51st Minister of Education, Sports and Youth
- In office 17 January 2019 – 14 September 2020
- President: Ilir Meta
- Prime Minister: Edi Rama
- Preceded by: Mirela Karabina Lindita Nikolla (Acting)
- Succeeded by: Evis Kushi

Personal details
- Born: 1982 (age 43–44) Pristina, SFR Yugoslavia (today Kosovo)
- Party: Socialist Party (Albania) Social Democratic Party (Kosovo)
- Spouse: Dardan Molliqaj ​(m. 2019)​
- Alma mater: Pearson College UWC York University

= Besa Shahini =

Albanian politician

Besa Shahini (born 1982) is a Kosovo-born Albanian politician, who served as the Minister of Education, Sports and Youth in the second cabinet of Edi Rama.

In the decade and a half prior to joining the Albanian government, she focused her research and advocacy on education and EU integration issues in the Western Balkans and South Caucasus. Besa Shahini holds a Master of Public Policy from the Hertie School in Berlin.

== Education ==
In 1999, her family moved to Canada. During her first two years there, she considered becoming an artist, but went to York University and studied political science and public administration. When she returned to Kosovo after her studies, she founded the Kosovar Stability Initiative think tank there.
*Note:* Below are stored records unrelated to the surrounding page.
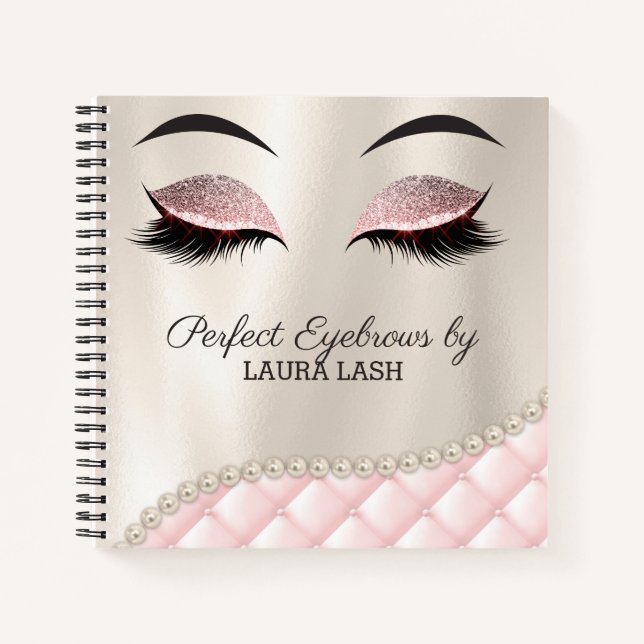 Makeup Eye Lash Brow Tufted Pearls Notebook (Front)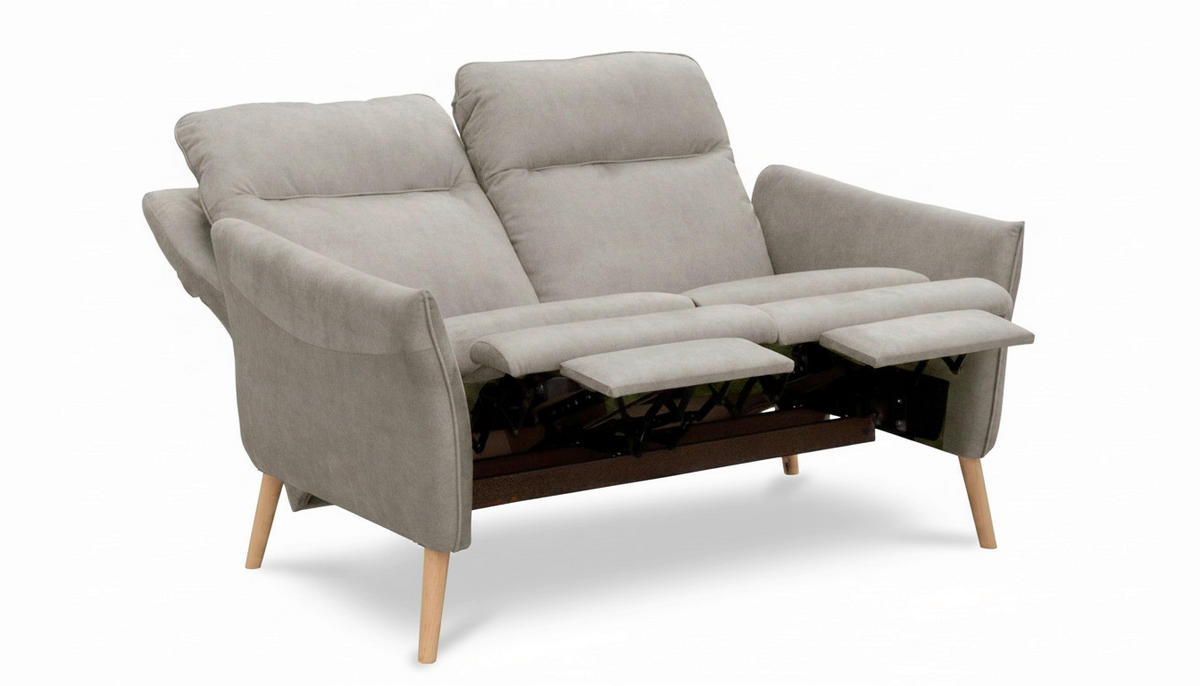 2-SITZER-SOFA Mikrofaser Taupe  - Taupe/Buchefarben, Design, Holz/Textil (145/110/92cm) - Livetastic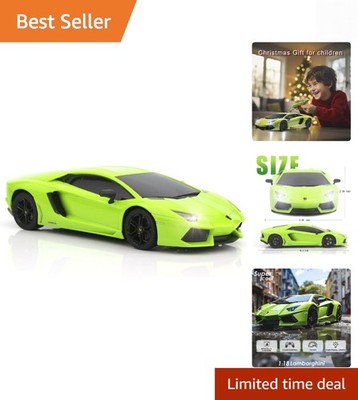Rechargeable Lamborghini Aventador RC Car - 10 MPH Speed for Kids, Green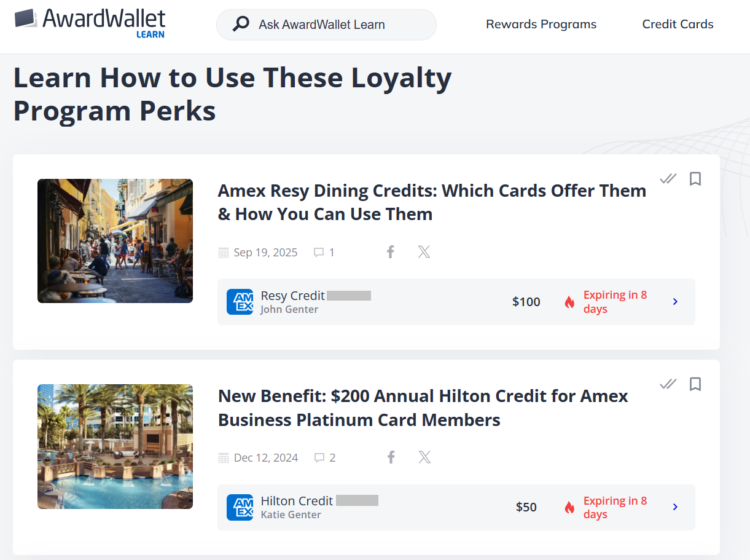 AwardWallet Learn page showing list of perks expiring soon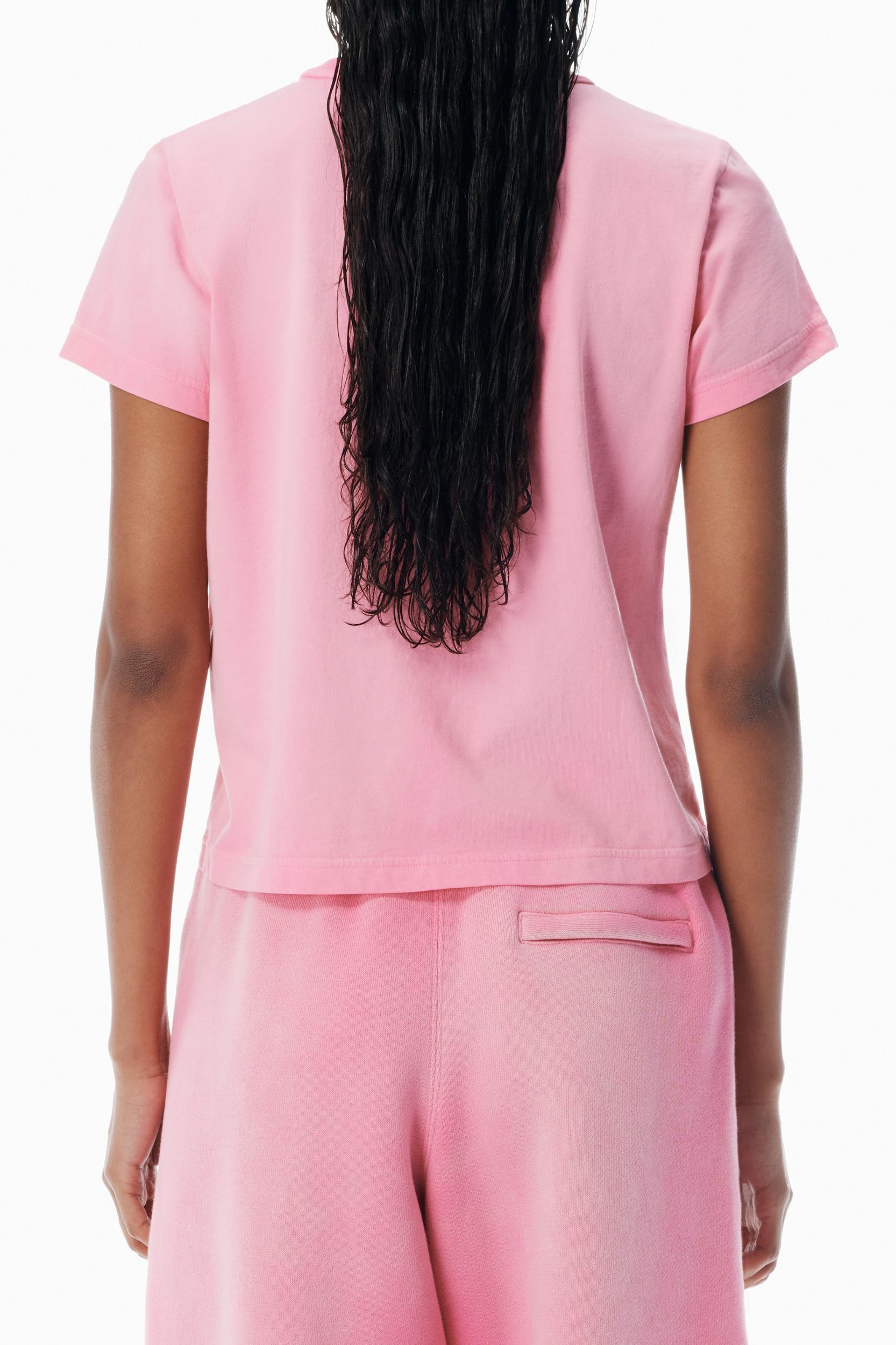 Pink Shrunken Cotton Tee With Logo Product Image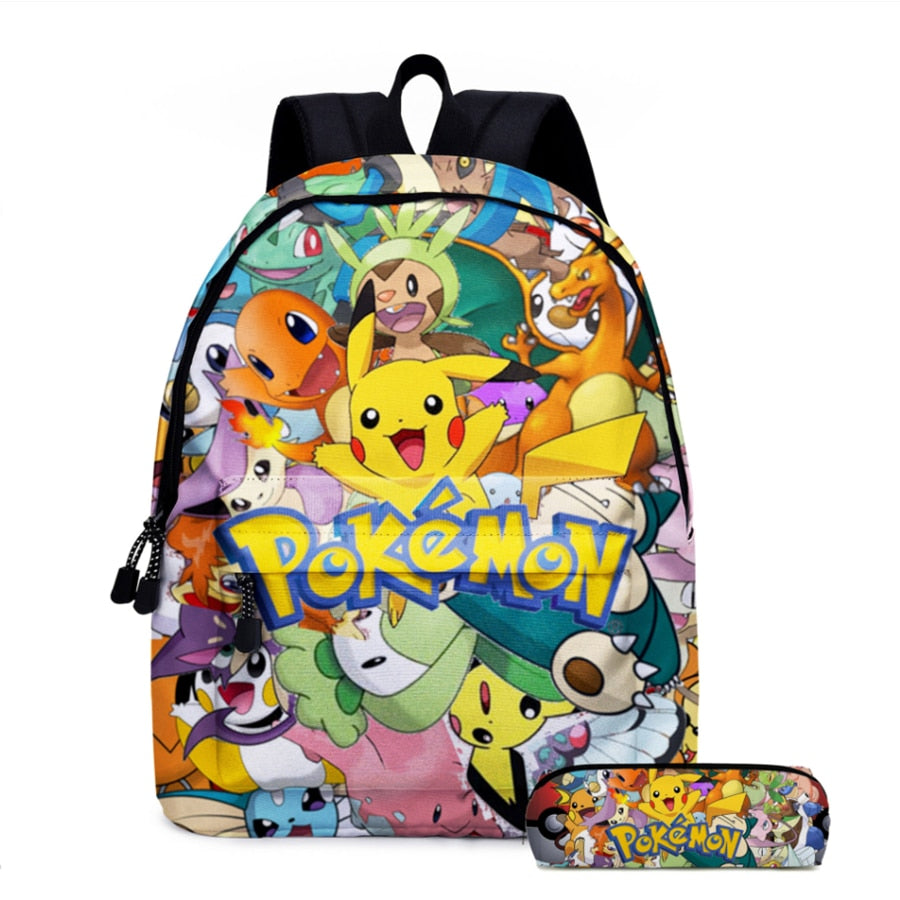 Pikachu Backpack with Anime Accessories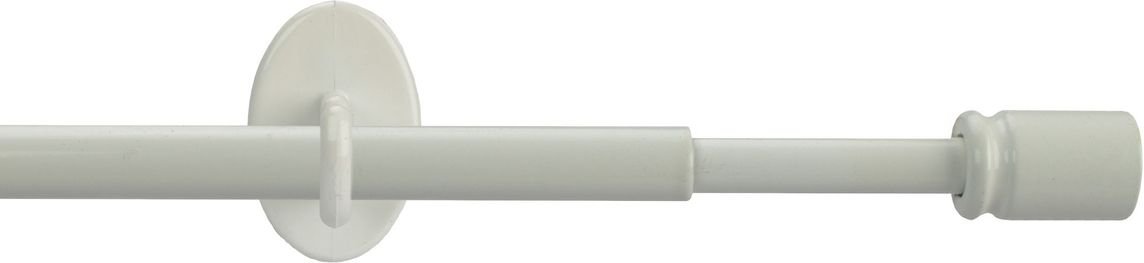 Bistrostange, Scheibengardinenstange Zylinder 8 mm Ø, weiß, ausziehbar 60-110 cm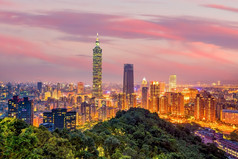 台北城市天际线景观日落时间台湾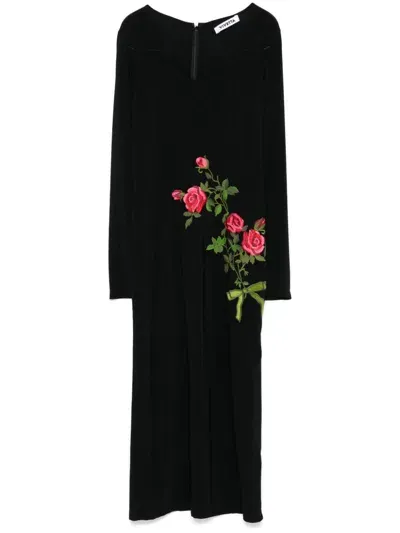 Vivetta Floral-embroidered Midi Dress In Black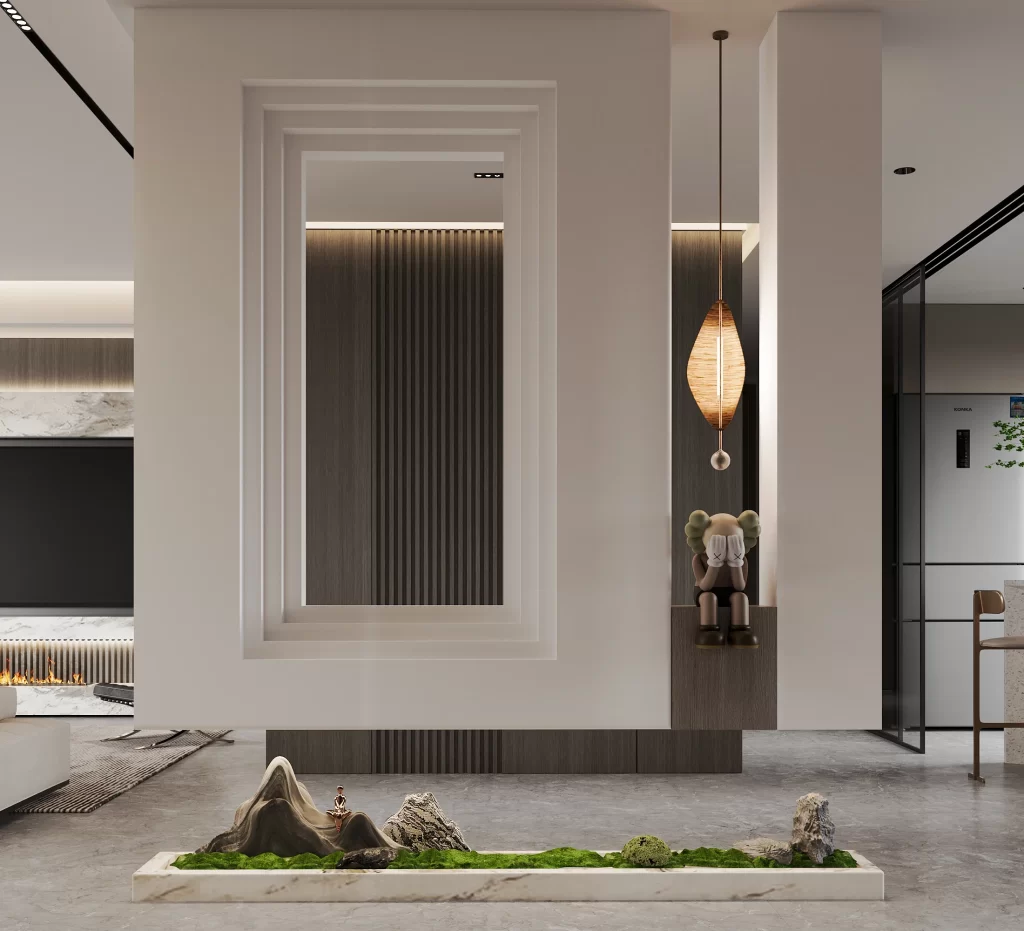 Minimalist Contemporary Living Room Neutral Tones Artistic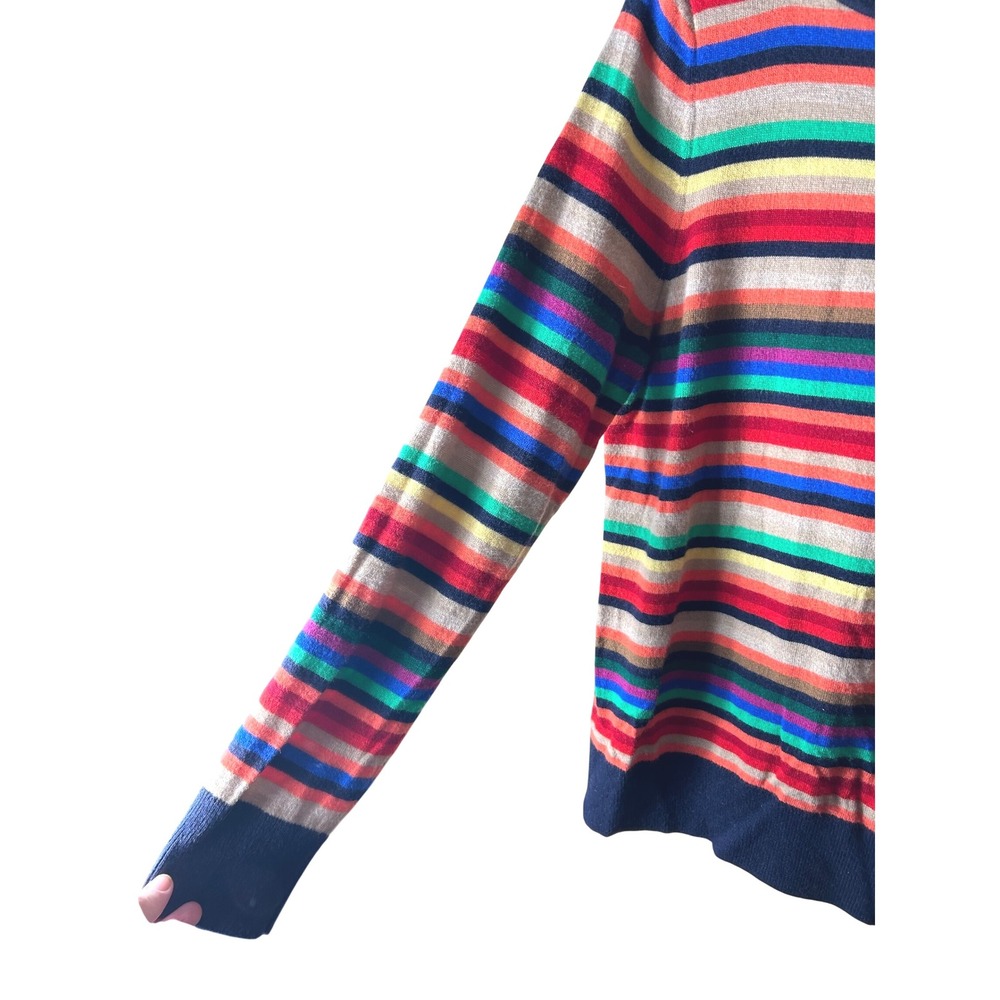 Talbots Rainbow Stripe Crewneck Sweater Lambs Wool Blend Women's Long Sleeve L - Picture 4 of 7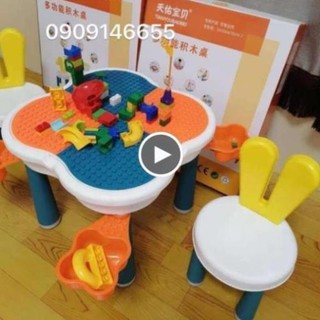 Bàn lego cho bé hình hoa anh đào đa năng - Đủ bộ có ghế
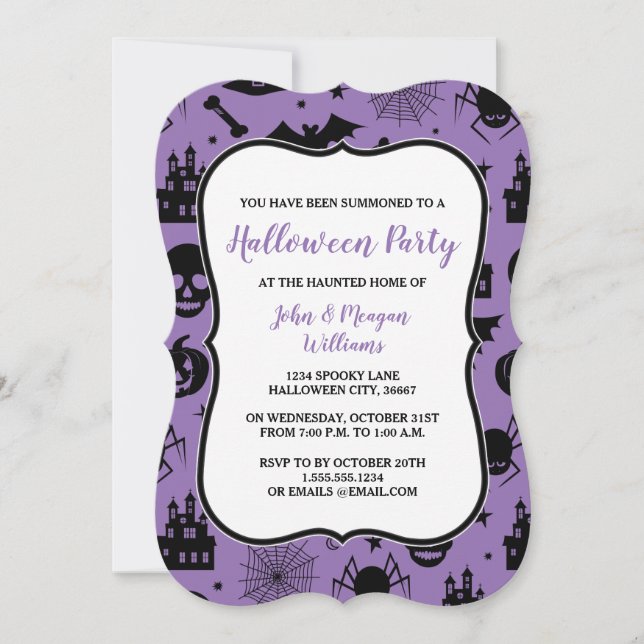 Purple and Black Halloween Party Invitation (Front)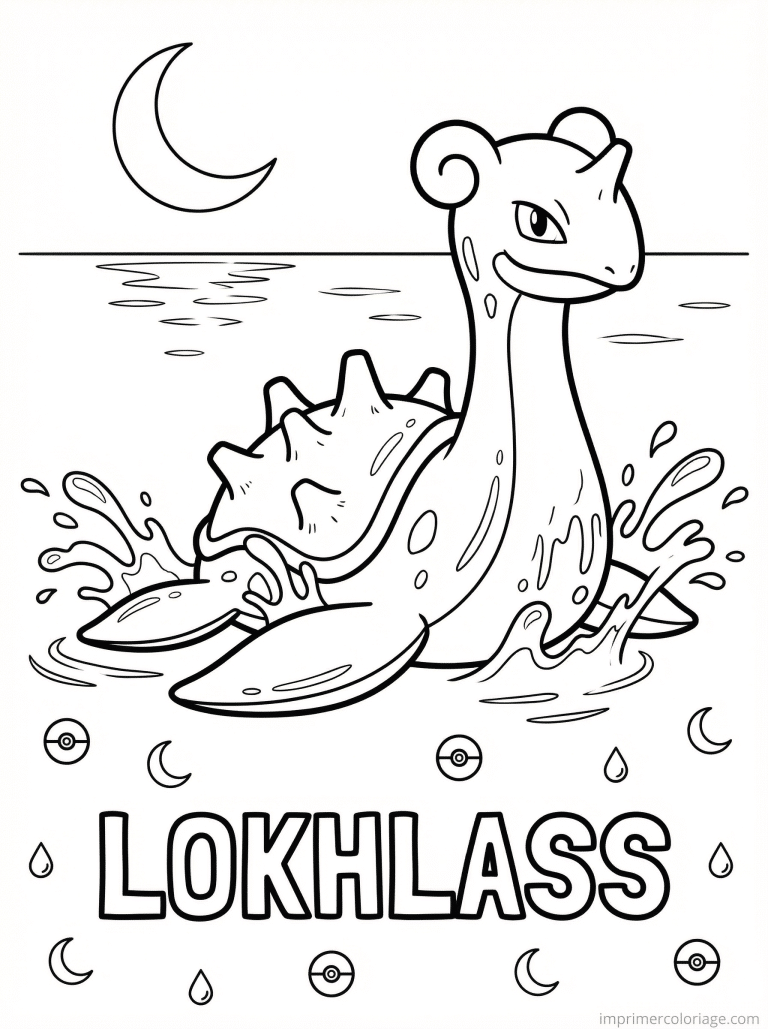 coloriage pokemon lokhlass emerge nuit lune - dessin gratuit &agrave; imprimer
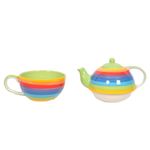 Hand Painted Rainbow Striped Small Ceramic Tea Set by Windhorse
In 2009, she completed a Master's degree in Public Policy at the Hertie School in Berlin.

== Albanian Minister of Education ==
At the end of 2018, there were major student protests in Albania, in the course of which Prime Minister Edi Rama partially reshuffled his government cabinet. He proposed to the Parliament of Albania (Kuvendi i Shqipërisë) the then Deputy Minister of Education Besa Shahini as the successor to Lindita Nikolla (PS – Socialist Party of Albania). She was elected with 77 out of 140 votes.

She was the first Kosovo Albanian to hold this post.

== Academic and civil society work ==
She is the founder of the Education Plenum Think Tank in Pristina (2014), focusing on research and educational analyses on schools and high schools in Kosovo. From 2016, she focused increasingly on education policy and the education system in Kosovo and Albania.

At the same time she was an independent policy analyst at the European Stability Initiative (ESI) in Berlin.

In September 2023, Besa Shahini officially took over the Henrik Enderlein fellowship from Dr Johannes Lindner, who continues his work as Co-Director of the Jacques Delors Centre, the Hertie School’s research and policy centre working on the European Union.